Five male teenagers, ages 17 and 18, were injured from the pickup’s head-on collision with a car driven by a woman on Kaukonahua Road along pineapple fields. Three of the teens were injured by being thrown from the pickup bed.
A state law enacted in 1997 allows passengers 12 years and older to ride free of restraints in a pickup; two boys, ages 12 and 14, were injured after being ejected from a truck bed in a collision in Nanakuli last December.
Federal standards require all vehicles to be designed to protect occupants. However, as the Insurance Institute for Highway Safety points out, "The beds of pickup trucks are designed to carry cargo, not people, and are not designed to provide protection in a crash."
The insurer-funded institute points out that "children and adults can be easily ejected from cargo areas at relatively low speeds as a result of a sharp turn to avoid an obstacle or crash."

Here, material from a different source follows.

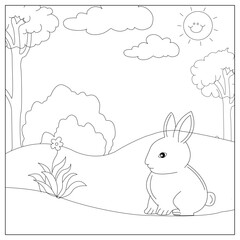 Rabbit coloring page vector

Thirty states, including Hawaii, have laws aimed at protecting children from such crashes, but they are inadequate. For example, in Saturday’s crash, a Hawaii provision allowing a person to sit unrestrained in the pickup bed if no seating is available in the cab was followed.

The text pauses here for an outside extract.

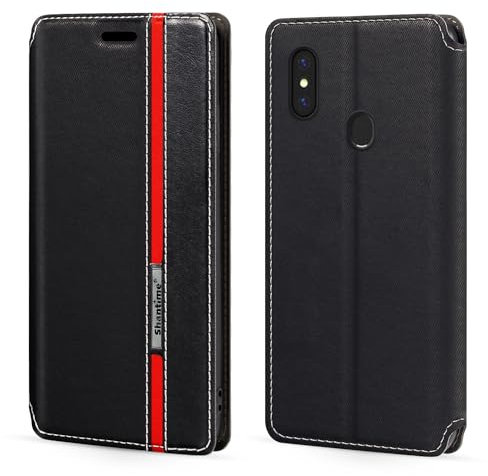PU Leder Flip Hülle mit Farbakzent und Unsichtbarem Magnetverschluss Kompatibel mit Gigaset GS290, Schlanke Modische Schutzhülle (Schwarz)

Also, businesses that serve the public are entirely exempt from the rules. That was the case in 2006, when four women, who were among 10 people riding in a pickup truck bed on their way to work on a farm in Ewa, were thrown to their deaths in a collision on Kunia Road.
Riding in the bed of a pickup generally is associated with farm roads, which is why most of the 20 states with no laws at all prohibiting riders in the back of pickups have large rural areas.
Hawaii’s current law resulted from opposition to a comprehensive ban mainly from rural and neighbor island areas. A bill proposed two years ago would have required passengers in pickup beds in traffic to be "restrained by a seat belt assembly" but it would have exempted businesses.
The least that Hawaii legislators should require are restraints on freeways and busy streets, where pickups have become popular. For example, California allows an exemption for farmer-owned vehicles used exclusively within agricultural land.
Better yet is Senate Bill 692, proposed by Sens. Will Espero and Mike Gabbard but ignored in the current legislative session, which would forbid passengers on Oahu from sitting in a pickup’s bed except in an emergency or in parades, caravans or exhibitions. That is a serious proposal that should be considered next year.